As they say, this should be obvious but it's thoughtful and potentially useful advice.
 
Paul
 
Paul Conway
Professor of Political Science
SUNY College at Oneonta
Oneonta, NY, 13820 - USA
Office phone: 607-436-3923

________________________________

From: Teaching Breakfast List on behalf of Jim Greenberg
Sent: Tue 7/28/2009 8:53 AM
To: [log in to unmask]
Subject: The Listening Mind


TBers, 

The posting below looks at the importance of understanding the listening role of your audience when making oral presentations.  It is from the Stanford Center for Teaching and Learning newsletter, Speaking of Teaching, Fall, 2008, Vol. 18, No. 1. It was written by Doree Allen, Ph.D., director of the oral communication program; email: [[log in to unmask]] Note:  Several other articles, many with very specific speaking suggestions, appear in this issues of the newsletter which can be found at: [http://ctl.stanford.edu/Newsletter/CTLNewsletterFA08.pdf]


                                                                  The Listening Mind

Central to an effective oral presentation is a design that takes into account the needs of your listening audience. Obvious? It should be, but our focus as scholars, researchers, and writers often distracts us from our otherwise intuitive understanding of this basic tenet of successful oral communication. And although speakers in a variety of contexts frequently rely on an idiom more suited to writing than to speech, this tendency seems especially tempting for those who are presenting scholarly and scientific research that has appeared previously as a journal article or book chapter. However, a speech is not "an essay on hind legs," as James A. Winans, a noted scholar of rhetoric, famously observed. As efficient as it may seem to borrow language and structure from a text you've already completed, there is also a lost opportunity to engage with your audience when you neglect to reappraise your material in light of this new rhetorical situation in which your audience is listening to your ideas rather than reading them.

Because the spoken word is evanescent, listening poses distinct challenges, especially when it comes to abstract subject matter. Studies reveal that listeners cannot process as much information as readers, they have difficulty staying oriented and, unless they hear something more than once, it is difficult for them to retain it.

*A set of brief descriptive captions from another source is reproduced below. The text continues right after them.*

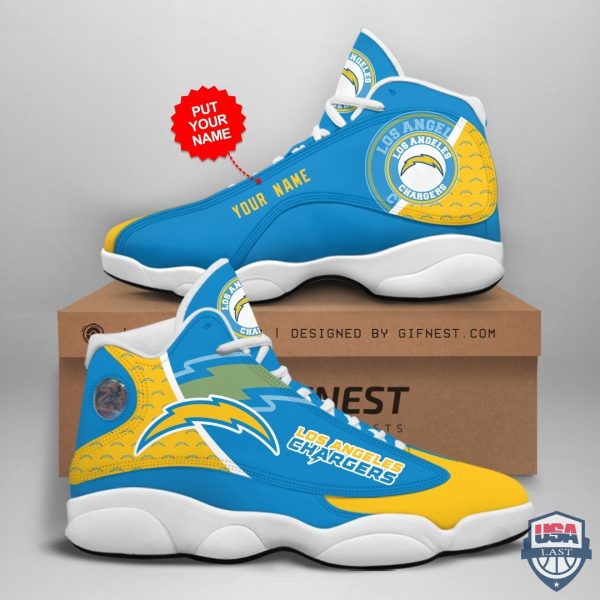 Los Angeles Chargers Air Jordan 13 Custom Name Personalized Shoes Los Angeles Chargers Air Jordan 13 Shoes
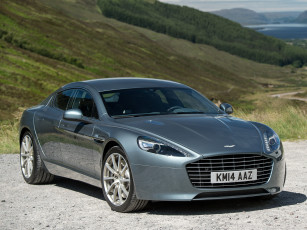 обоя автомобили, aston martin, серый, rapide, s, 2013г, aston, martin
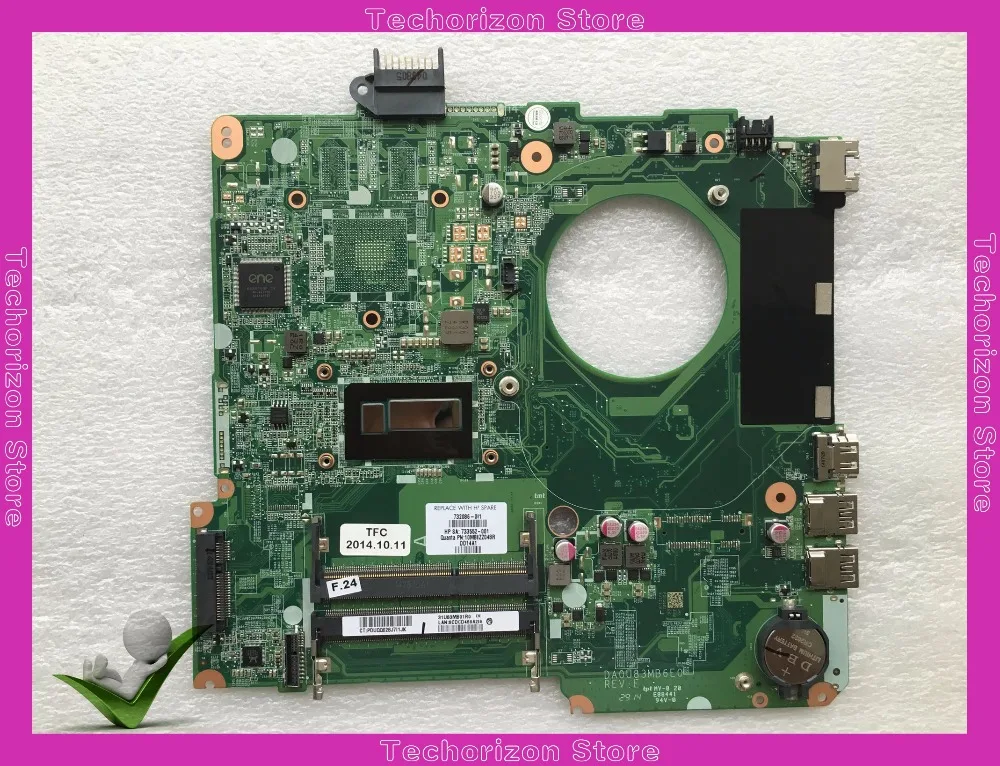 732086-001 материнская плата для ноутбука HP Pavilion 15-N 732086-501 HM76 DA0U83MB6E0 I5-4200U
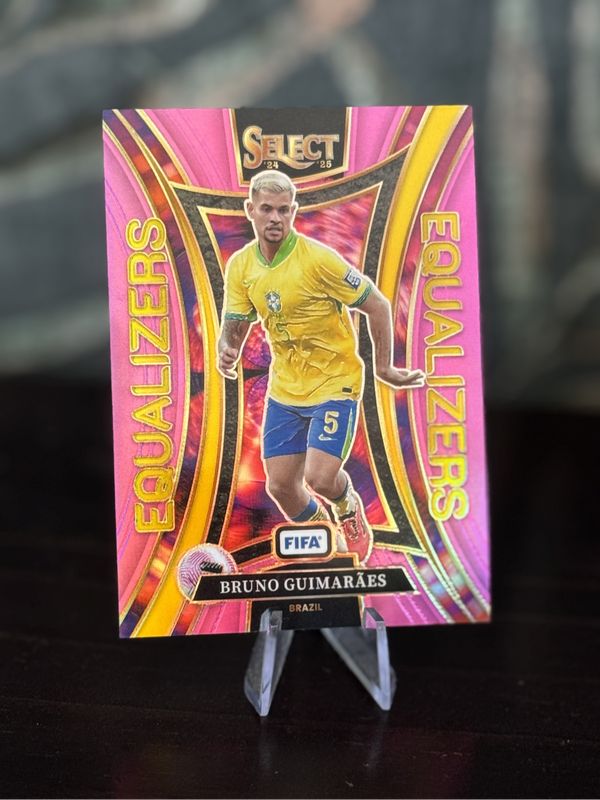 2024-25 Panini Select - Bruno Guimaraes Pink Equalizers Prizm 06/25 - Brazil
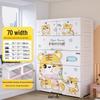 Stabile 5-Schubladen Babygarderobe & Spielzeug-Organizer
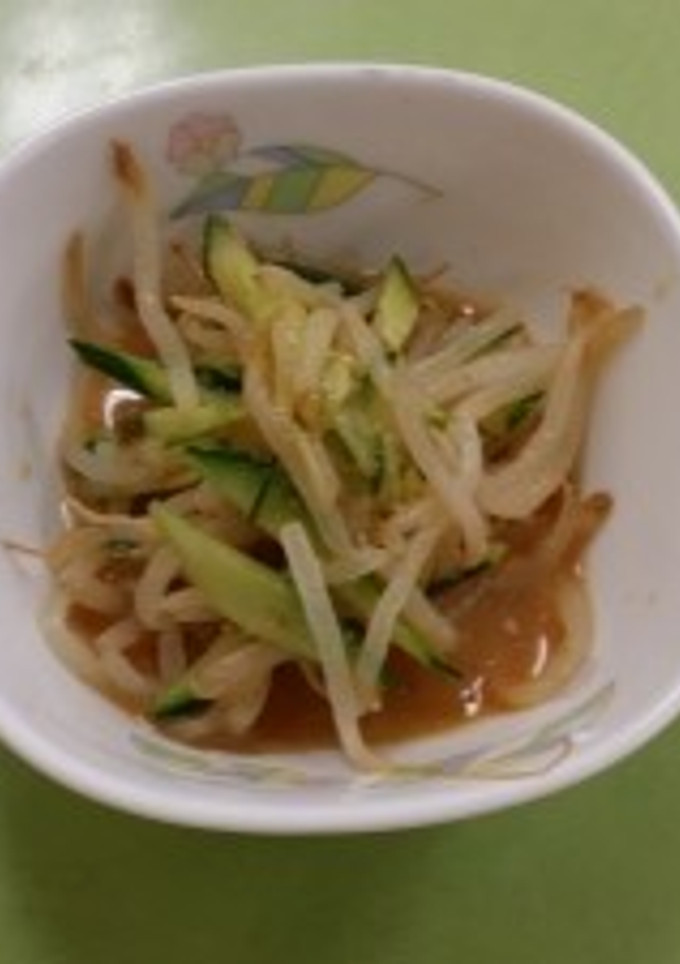 もやしの胡麻味噌和え（透析食）-レシピのメイン写真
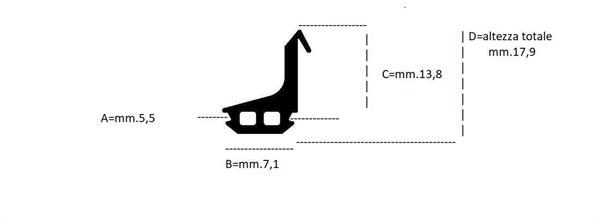GUARNIZIONE PINNA CENTRALE R40 EPDM 250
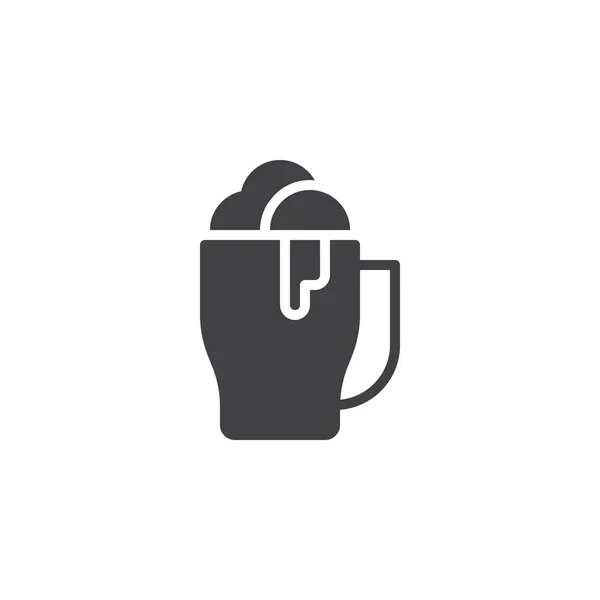 Frappe kaffeglas vektor ikon – Stock-vektor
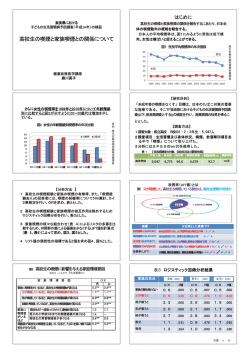 高校生の喫煙と家族喫煙との関係について と家族喫煙との関係について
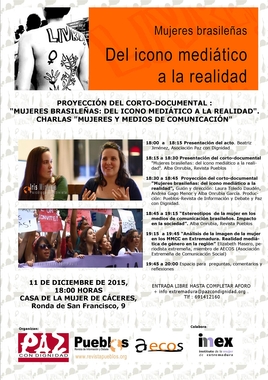 Género y medios de comunicación brasileños y extremeños juntos en un video-coloquio organizado por dos ONG de desarrollo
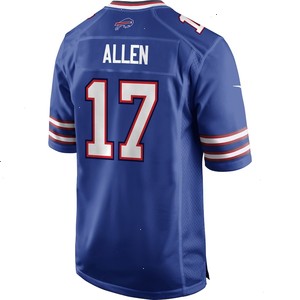 Josh Allen Buffalo Bills Nike Youth Game Jersey - Red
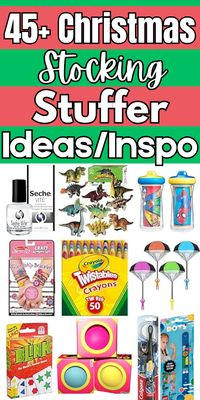 45+ Christmas Stocking Stuffer Ideas: Looking for last-minute small stocking gifts? These children's toys, games, and more are perfect for any aged kid during the holiday season. This Christmas, find the stocking stuffer ideas you need and your kids will love. Check out this post for ideas and inspiration.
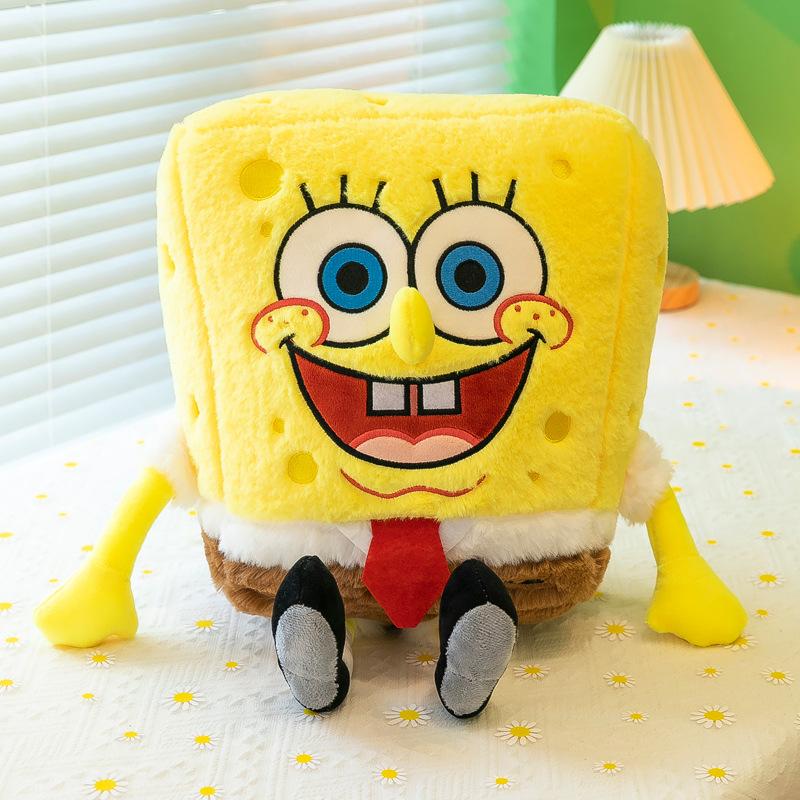 Spongebob Sit Plush 13.8 Inch  23.6 Inch Collectible, Soft Spongebob Sit Plushie from Spongebob Squarepants Plush Collection for Fans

Given these constraints, here are some strategies to bear in mind when "translating" a text into an oral presentation, which should enable you to better know your audience so that you reach your listeners as well.

In the opening 60 to 90 seconds of a presentation you are not only introducing your topic but also yourself. So it is important to take advantage of this time, both to connect with the members of your audience personally as well as to orient them intellectually by placing your work in a larger context and providing a preview of what is to follow. More often than not, speakers will sacrifice this valuable time to turn away from the audience to read their titles (and sometimes even their names) from the slide projected behind them. How can you make your introduction more memorable? Some possibilities include opening with a startling statement or statistic, a rhetorical question, a vivid anecdote, a challenge or a provocative quotation. But if these options feel contrived, you might simply consider how to link your subject to the experiences and interests of your audience so that you motivate their "need to know" and establish the common ground that is elemental to effective communication. Since listeners tend to remember what they hear first and last, it is similarly important to think carefully about your concluding remarks, which should not only summarize your main points, but emphasize their significance and suggest the implications of your analysis or research.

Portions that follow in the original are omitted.